From the advent of metallic cartridge ammunition unto this day, .50 caliber rifles have won the hearts and minds of American riflemen. A remarkable variety of rifles chambering the huge .50 BMG are floating about nowadays. Likewise, there was no shortage of .50 caliber rifles in the Old West.
They were built by all the premier rifle manufacturers of the time. For example, the famous Sharps “buffalo rifles” of the 1870s were made for three lengths of .50 caliber cartridges. Remington only chambered for one .50. However, their factory turned out 900,000 military and sporting No.1 (rolling blocks) by 1877. A significant portion of them were .50-70s so they were likely only second to the U.S. Government in making .50 caliber rifles. Three different .50 cartridges bore the Winchester name between 1878 and the early 1900s, none of which set great sales records.
The U.S. Government got the .50 caliber ball rolling in 1866 with a conversion of leftover Civil War .58 caliber rifle-muskets to shoot a .50 cartridge of 1¾” case length. Military spec loads for the .50 Gov’t were 450-grain bullets over 70 grains black powder — hence the nickname .50-70. The first .50 Gov’t was the Model 1866. It was followed later by Models 1868 and 1870. They were used all over the west.
Sharps Rifle Company grabbed the government’s idea and literally stretched it. Their rifles also chambered the .50-70 but they also developed a .50 with a 2″ case. It went nowhere and is virtually unknown. The third was a .50 with 2½” case famous today as .50-90 Sharps, although the Sharps factory always loaded it with 100 grains of black powder. Remington had to stick with the .50-1¾” case because the long hammer spurs of their No.1s wouldn’t allow passage of longer cases. Their factory loads came with 400- and 450-grain bullets, both over 70-grain powder charges.
Winchester cornered the repeating rifle market early on but had difficulty in coming up with a .50 caliber repeater. In 1878 they gave it a try with their Model 1876. Case length had to be reduced to 1.94″ and bullet weight was only 312 grains. However, the 95-grain powder charge did give it some oomph. In 1887 Winchester gave .50s another try in their strong Model 1886. Using a 2.40″ case, they were able to fit 110 grains of black powder under 300-grain bullets. The round was called logically .50-110 but it seems rifles for it were caliber stamped .50 Ex (Express). Winchester’s .50 Express made it into the smokeless powder era and wasn’t dropped from Winchester’s catalogs until 1919.
There is no lack of bogus information about Old West fifties. For instance, despite original factory records proving no Sharps rifles were ever chambered for a .50 cartridge with 3¼” case, misinformation about such existing still abounds. Actually Winchester did chamber their single shot (aka “Model 1885 High Wall”) for a .50 with 3¼” case for a short while.
Short Is Better
There is also the fallacy .50s were long-range cartridges. They weren’t; their bullets were short and wide. Long range bullets were longer and of lesser caliber. Fifty caliber rifles were meant to smack large animals hard! Out west there were bison, elk, grizzly and moose, and there were horse-mounted native warriors of all sorts roaming the west. A .50 caliber hit on a warrior’s horse effectively put him out of the fight.

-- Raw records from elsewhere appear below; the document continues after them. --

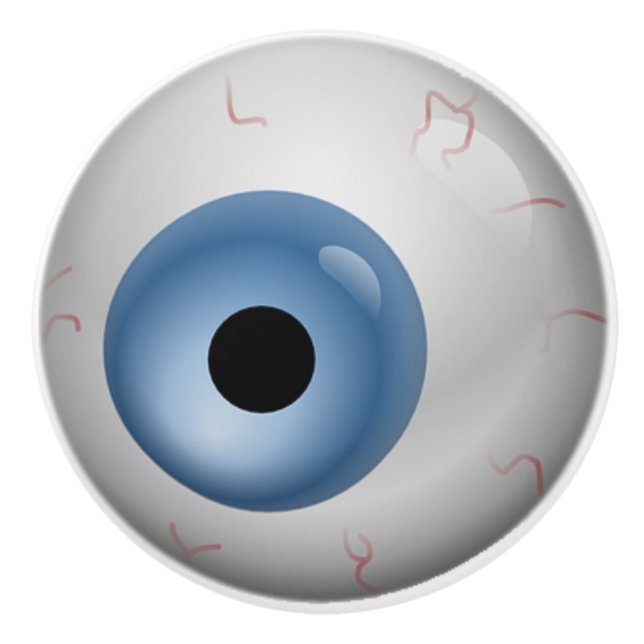 Blue Eyeball Zombie Drawer Knob (Front)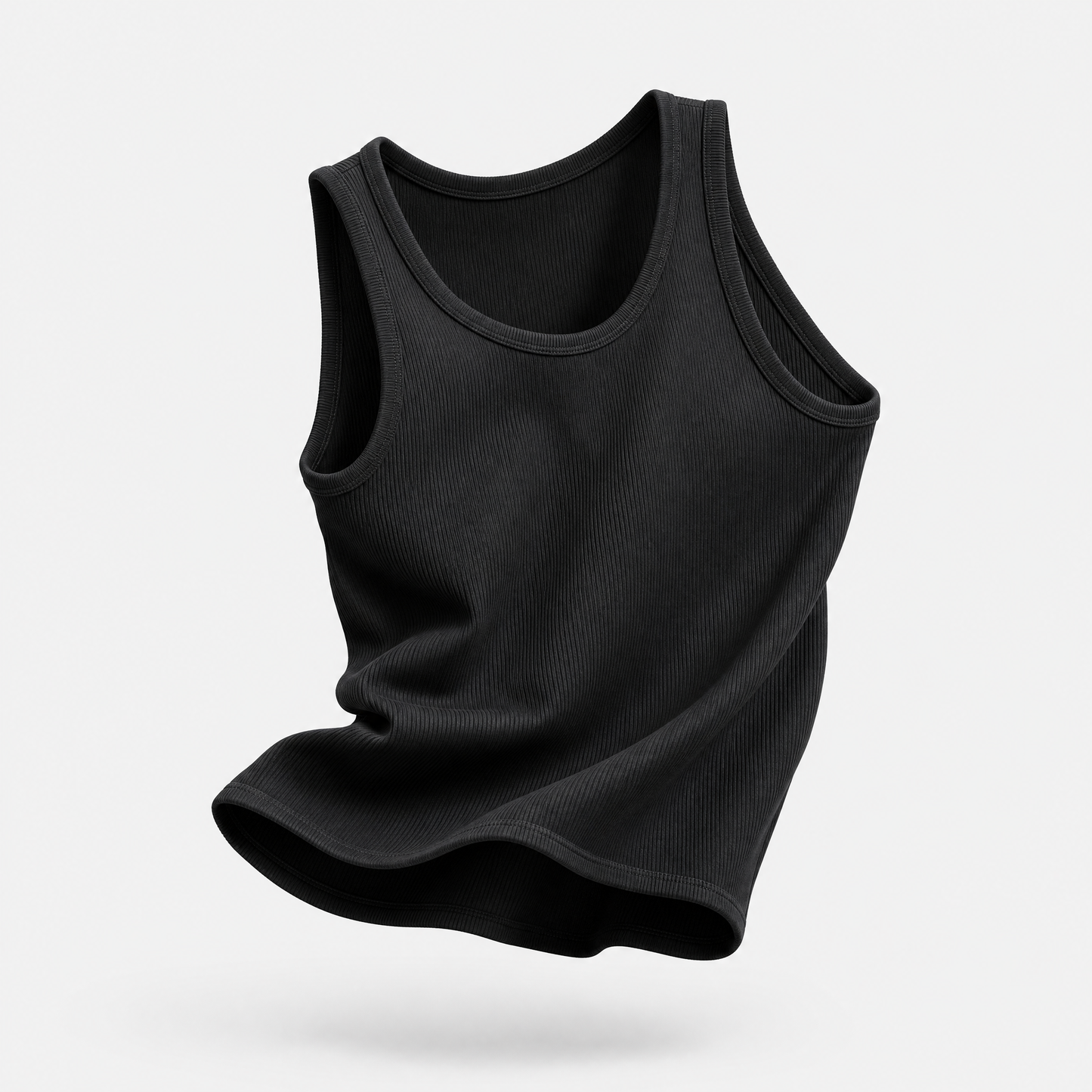 White + Black Tank Top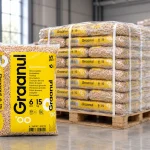 Pellet drzewny Graanul Invest ENplus A1 6mm Estonia paleta 975kg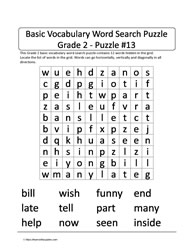 Basic Gr2 Vocab Word Search-13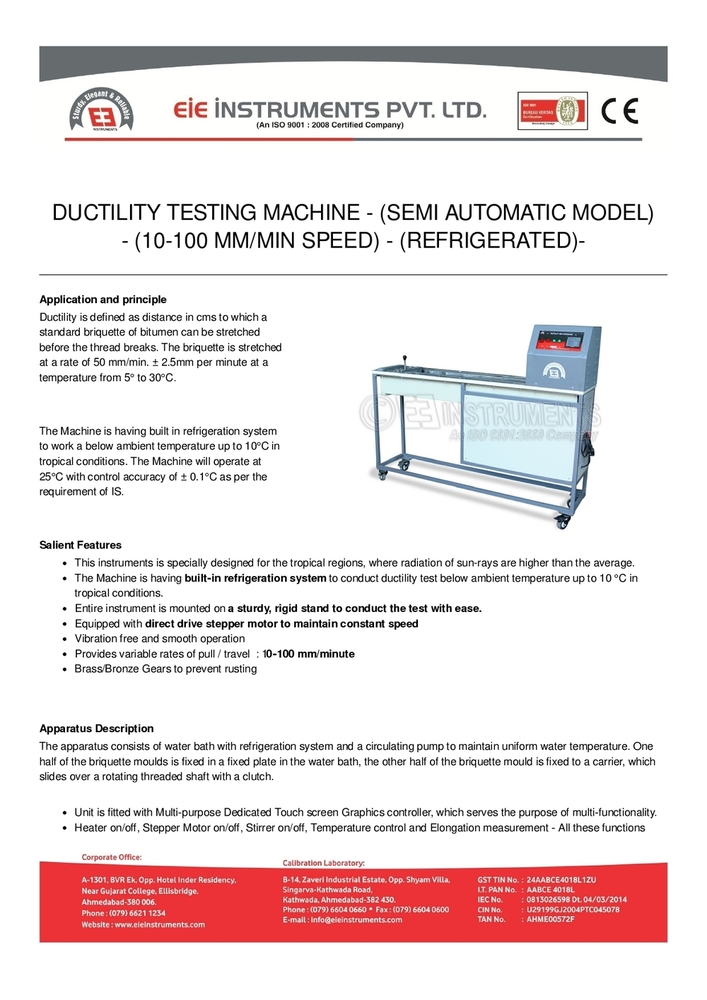 Ductility Testing Machine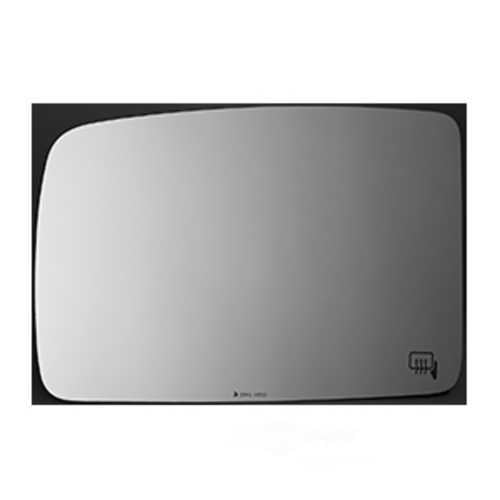 Burco Side View Mirror Replacement Glass with Motor Mount Plate - Clear Glass - 2946HRSG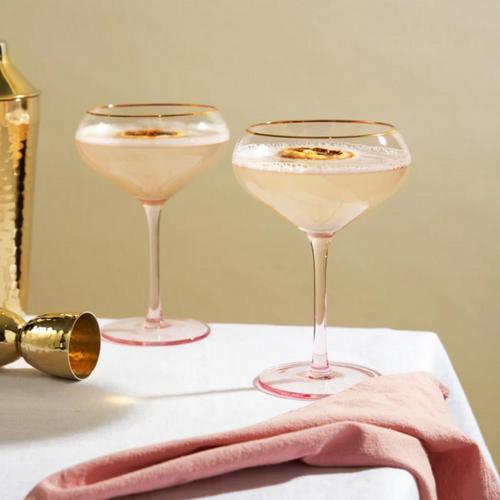 Viski Rose Crystal Coupe Glasses (Set of 2) - Primary Image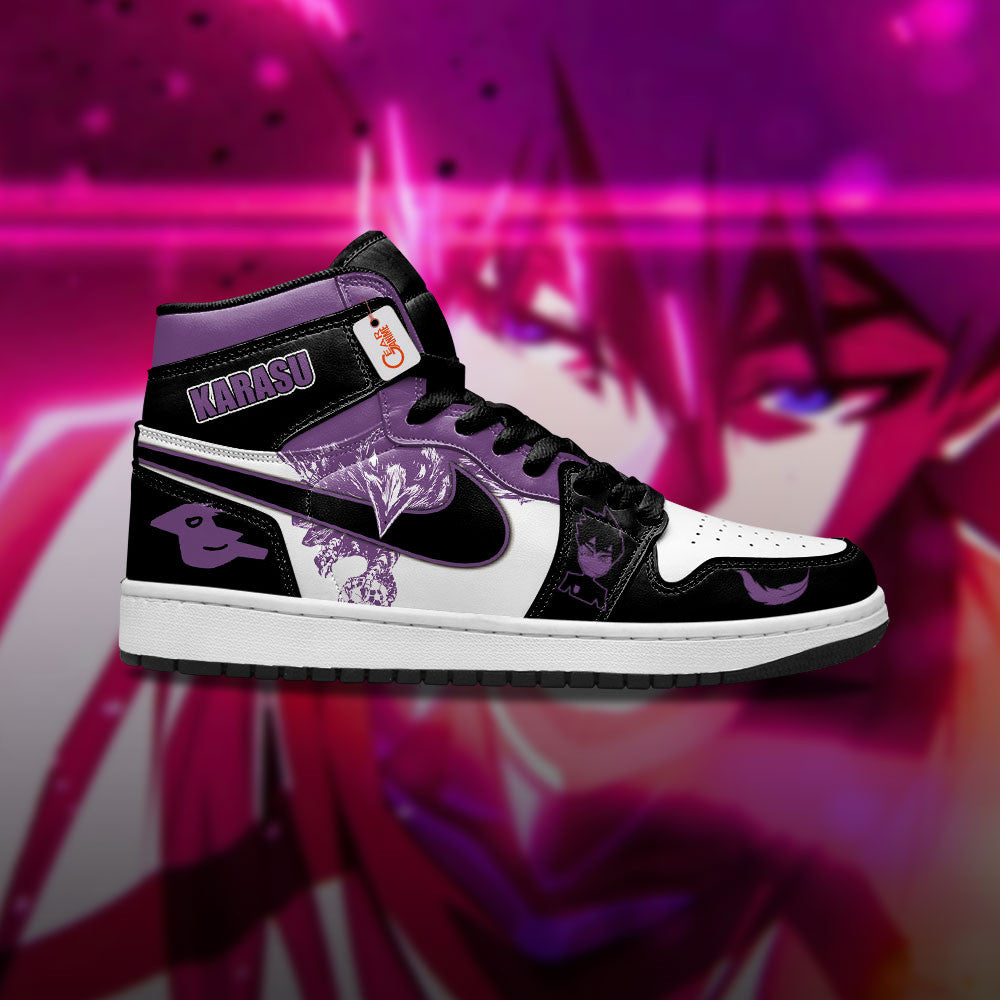 Tabito Karasu High-Top Sneakers Crow Custom Name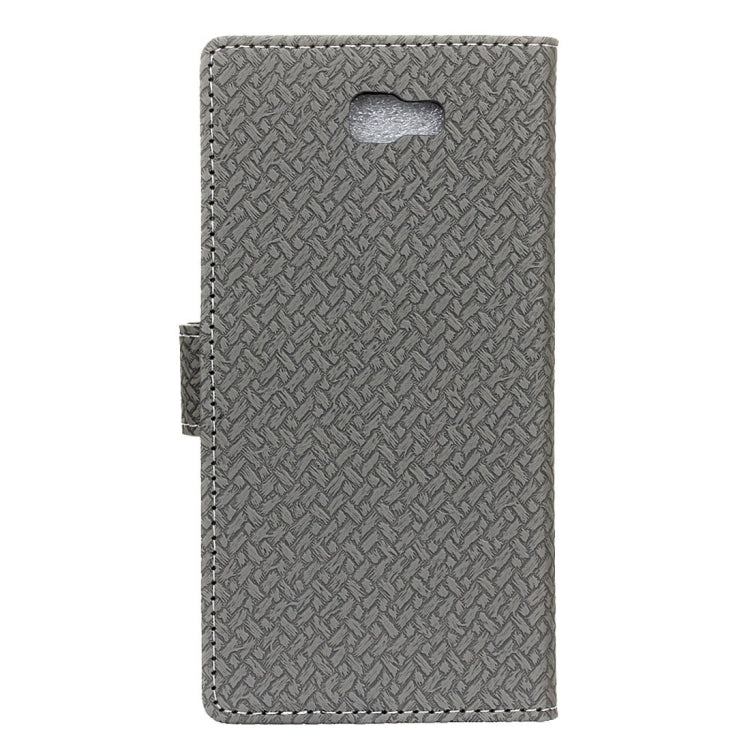 For Galaxy On5 ( 2016 ) / G570 Weaving Texture Horizontal Flip PU Leather Case with Holder & Card Slots & Wallet & Photo Frame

Interestingly, some Winchester Model 1876 .50-95, Model 1886 .50-110 and even Colt Lightning pump action .50-95’s carry British proof stamps. They were imported to Africa and India for hunting lions and tigers. Collectors today call them “cat guns” and they bring premium prices. The .50 caliber oomph factor in a repeating rifle was important to big cat hunters.
Velocities given by Old West .50 calibers are not impressive compared to the .50 BMG at 2,700 fps. The .50 Gov’t gave about 1,250 fps and Winchester’s .50 Express could break 1,500 fps.
Starting in 1981 I became a Big Fifty shooter and handloader with a modern Shiloh Sharps Model 1874 .50-90. Since then, I’ve gained experience with a few dozen Old West .50s and I’ve shot whitetail deer, mule deer, elk and bison with them. We who appreciate those Old West big bore rifles should give thanks to manufacturers like Shiloh and C. Sharps, and importers such as Cimarron Arms, for making available modern replica Big Fifties!